Un film qui, s’il jouit aujourd’hui d’un statut culte, ne se démarque toutefois pas particulièrement dans l’ensemble de l’œuvre de Lynch. C’est désormais le réalisateur canadien Denis Villeneuve qui s’est lancé dans ce projet. Villeneuve, qui s’était déjà essayé à un univers cinématographique au statut culte très élevé avec *Blade Runner 2049*, dispose, contrairement à Jodorowsky et Lynch, de toute la puissance illusoire de l’ère numérique. Son Dune, conçu en deux parties et n’offrant par conséquent pas de conclusion narrative définitive, sait tirer parti de ces atouts de manière impressionnante et déploie une puissance visuelle dont Jodorowsky ou Lynch ne pouvaient que rêver.

Dune se déroule dans un univers fictif où une matière première, l’épice, indispensable à la navigation spatiale, est extraite sur la planète désertique Arrakis, également appelée Dune. L’Empereur charge la Maison Atraidis de régner en tant que vassale sur cette planète désertique et d’y faire régner la loi et l’ordre. Mais les malveillants Harkonnens veulent opprimer les autochtones de la planète, les Fremen, et s’accaparer l’Épice. Le salut semble venir du jeune Paul Atraidis (Timothée Chalamet) ; il est l’héritier du trône de la Maison Atraidis, mais il pourrait surtout être le sauveur capable d’unir le peuple des Fremen…

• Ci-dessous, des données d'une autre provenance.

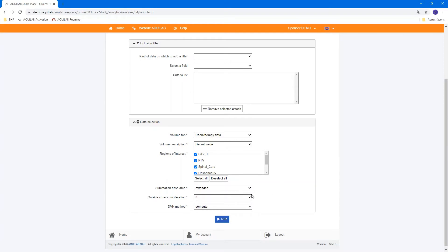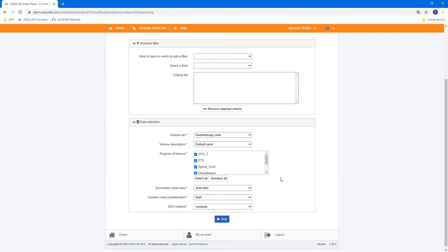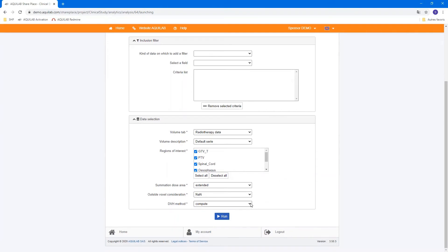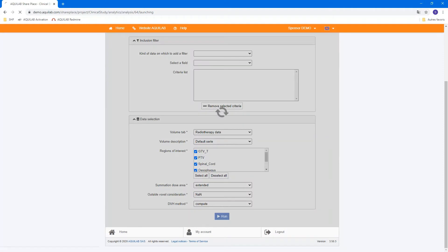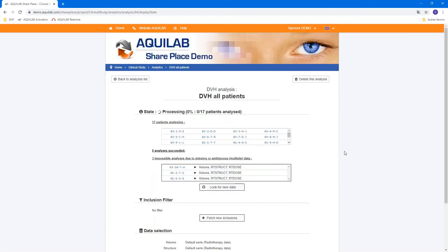You have the choice to have extended summation dose or a common one. We can get extended. And if you want to consider a voxel outside the field or not, we can consider it. And you have two methods for DVH calculation. You compute or read it. Here we can compute and run.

L’auteur Frank Herbert, souvent considéré comme un précurseur du débat sur le développement durable, a prédit dans son roman publié en 1965 des événements qui se produisent aujourd’hui : le réchauffement climatique, qui provoque la désertification de vastes étendues de terre, l’exploitation d’autres cultures pour l’extraction de matières premières, voire les récents événements en Afghanistan, sont tous reconnaissables dans Dune. Mais le récit amplifie et détourne ces thèmes grâce à la « construction d’univers », sans laquelle aucune immersion n’est possible et dont la science-fiction réussie ne peut se passer. Le conflit politique fondamental qui se joue dans ce cadre reste toutefois le même : on y découvre les intrigues de toujours, un jeu des trônes qui ne sert qu’à la préservation du pouvoir. Villeneuve ne prend donc pas de distance ironique par rapport au sujet, mais aborde la science-fiction, comme déjà dans *Blade Runner 2049*, avec le plus grand sérieux. C’est pourquoi il peut se permettre de renoncer à toute simplification ; dans *Dune*, tout tend vers l’excès : les vaisseaux spatiaux sont surdimensionnés, la scénographie, dans sa gigantomanie, éclipse tout le reste. Le jeu des acteurs ne se soucie ni de nuances ni de retenue, mais mise sur une lisibilité immédiate : Paul Atraidis est le porteur d’espoir réfléchi et timide, envoyé en quête héroïque. Le méchant, le baron Harkonnen, interprété ici par Stellan Skarsgård, est malfaisant et rien d’autre que malfaisant… Il en va de même pour la conception sonore : la musique de Hans Zimmer est une tapisserie sonore d’une puissance assourdissante. Les basses sont d’une profondeur assourdissante, les voix du chœur d’une hauteur prononcée – une grandiloquence sonore qui vise à submerger le spectateur. Dune exploite ses paramètres cinématographiques, tant visuels que sonores, pour parvenir à une véritable emprise sur les sens – un spectacle d’une intensité impressionnante.